TASK DETAILS:
Please set out each line below exactly as it stands, without the images.

THE DATA:
--- START ---
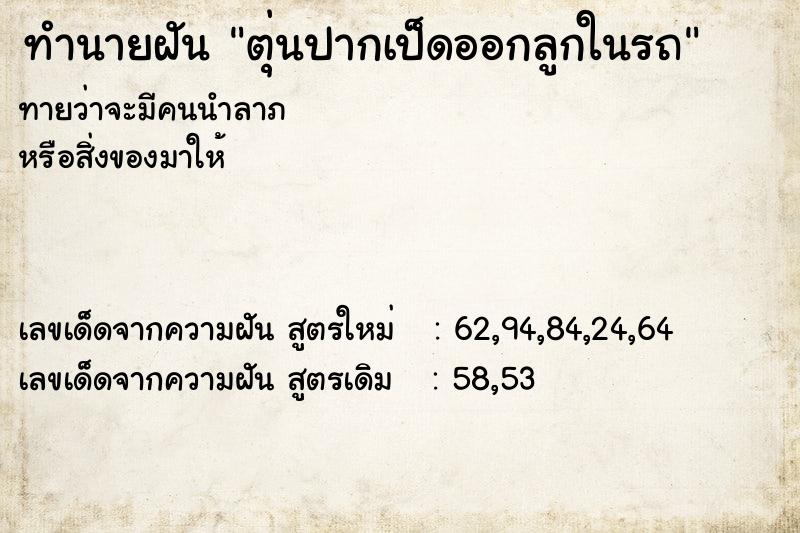 ทำนายฝัน ตุ่นปากเป็ดออกลูกในรถ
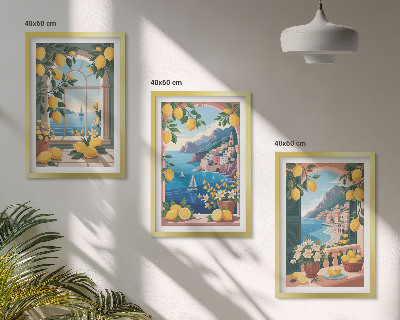Set di quadri incorniciati Finestra sul mare limoni italiani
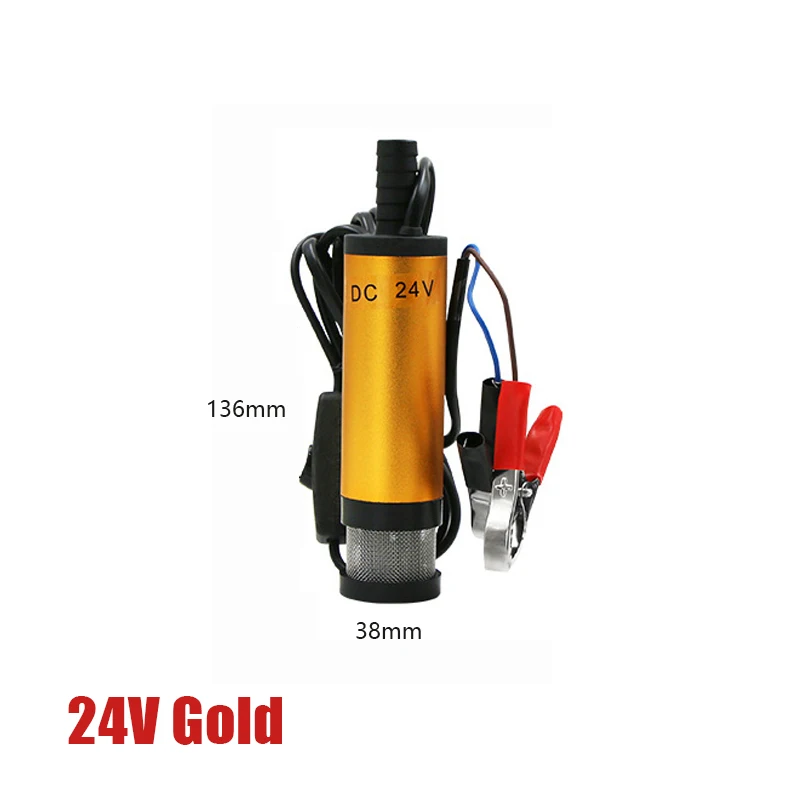 12V24V DC Diesel Fuel Water Oil Car Camping Fishing Submersible Transfer Pump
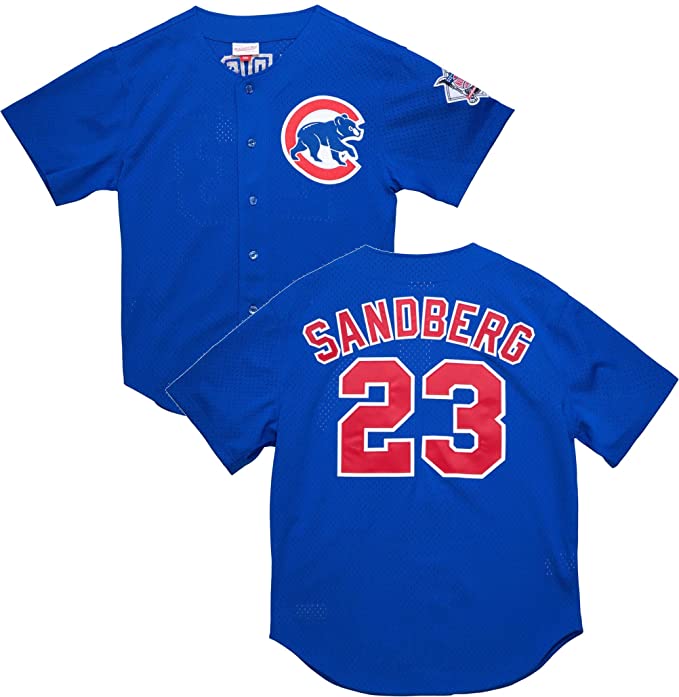 Youth Chicago Cubs Ryne Sandberg Mitchell & Ness Royal Cooperstown Collection Mesh Batting Practice Jersey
--- END ---
EXERCISE RESPONSE:
 ทำนายฝัน ตุ่นปากเป็ดออกลูกในรถ
Set di quadri incorniciati Finestra sul mare limoni italiani
 12V24V DC Diesel Fuel Water Oil Car Camping Fishing Submersible Transfer Pump
 Youth Chicago Cubs Ryne Sandberg Mitchell & Ness Royal Cooperstown Collection Mesh Batting Practice Jersey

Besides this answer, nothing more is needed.